The coupling of photonic leaky modes to the continuum of free space usually manifests the Fano line-shape53. Particularly, the vanished linewidth of photonic leaky modes above the light line gives rise to a new physical mechanism for extreme light localizations, which is known as the bound states in the continuum (BICs)54. Photonic BIC modes, describing the radiative characteristics of k-space band structure, are of great interest for light confinement to a 2D photonic crystal slab. The in-plane light confinement usually requests a large-area design55,56, or a discontinuous reflection barrier to enhance mode confinement57,58. However, for the nontrivial and trivial topological phase transitions of the bulk bands, they support a naturally induced band-inversion reflection. As a consequence, the photonic BIC and the band-inversion induced reflection can be combined together to significantly promote the cavity designs for exploring the fundamental limit of miniaturizing topological laser cavity and finally contribute to integrated optoelectronic devices.

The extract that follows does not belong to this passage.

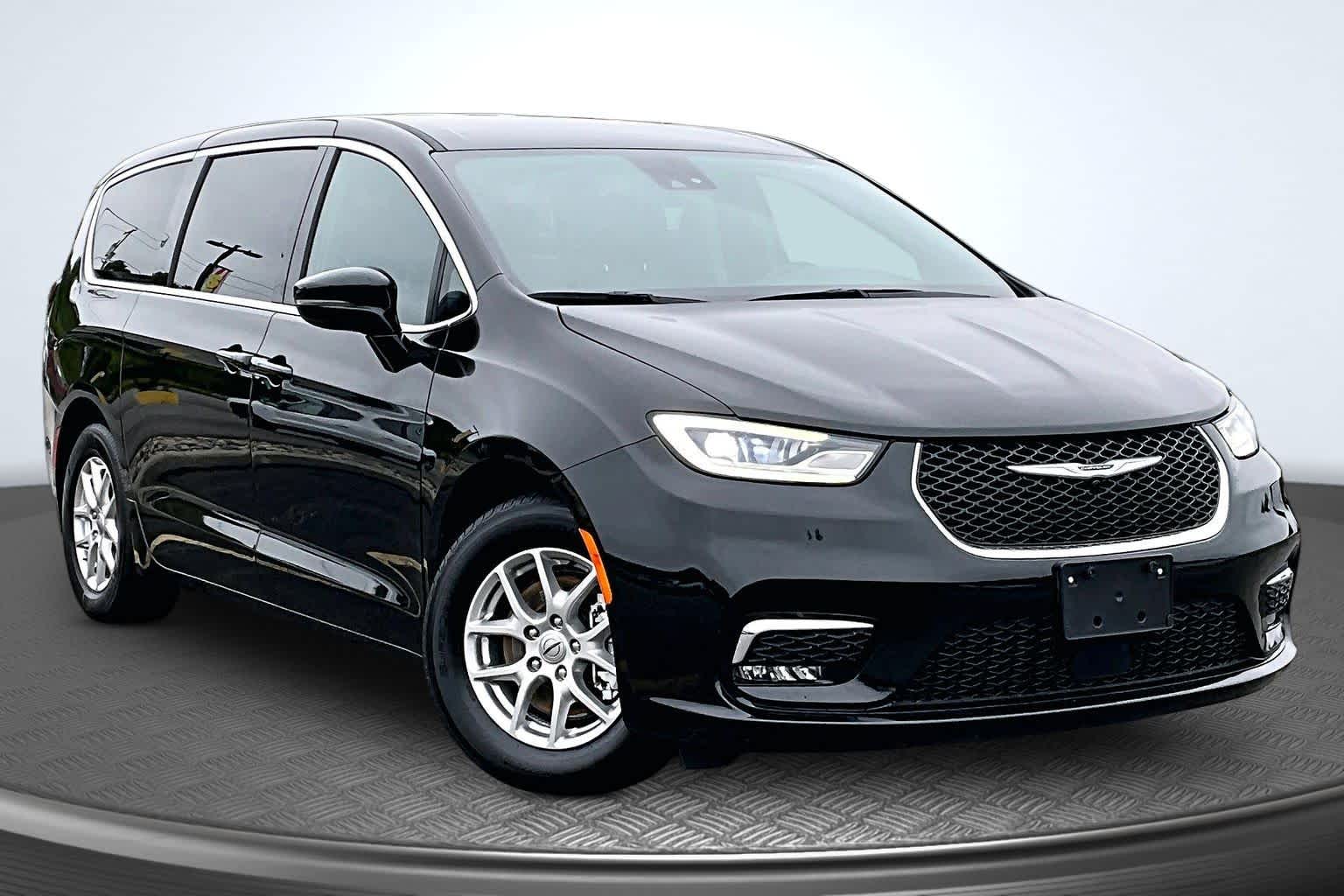 2025 Chrysler Pacifica Select - 11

The electrically pumped semiconductor lasers are among the most important sources owing to their high efficiency, compactness, and solid-state stability59,60. For the mid-infrared and terahertz radiations, quantum cascade lasers (QCLs) are the most important sources operating under electrical pumping61,62, which have been implemented by isolated ultracompact resonators63,64. While demonstrating single-mode lasing, the emission power from such isolated cavity is usually weak. To enhance the emission power, artificially designed distributed-feedback (DFB) gratings can be patterned on the top of a ridge laser65,66,67,68. As results, the DFB-based QCLs can give rise to near Watt-level emission and maintaining single-mode emission at the same time due to their interfered diffraction mechanism for mode selection and amplification67,68. However, in addition to single-mode operation, research on QCLs still request for nontrivial beam engineering (e.g., circular polarized beams, vortex beams, and vector beams) and high optical emission from a single laser device56,69, which is highly desired for advanced optoelectronic applications, such as communications, imaging, spectroscopy, and so on.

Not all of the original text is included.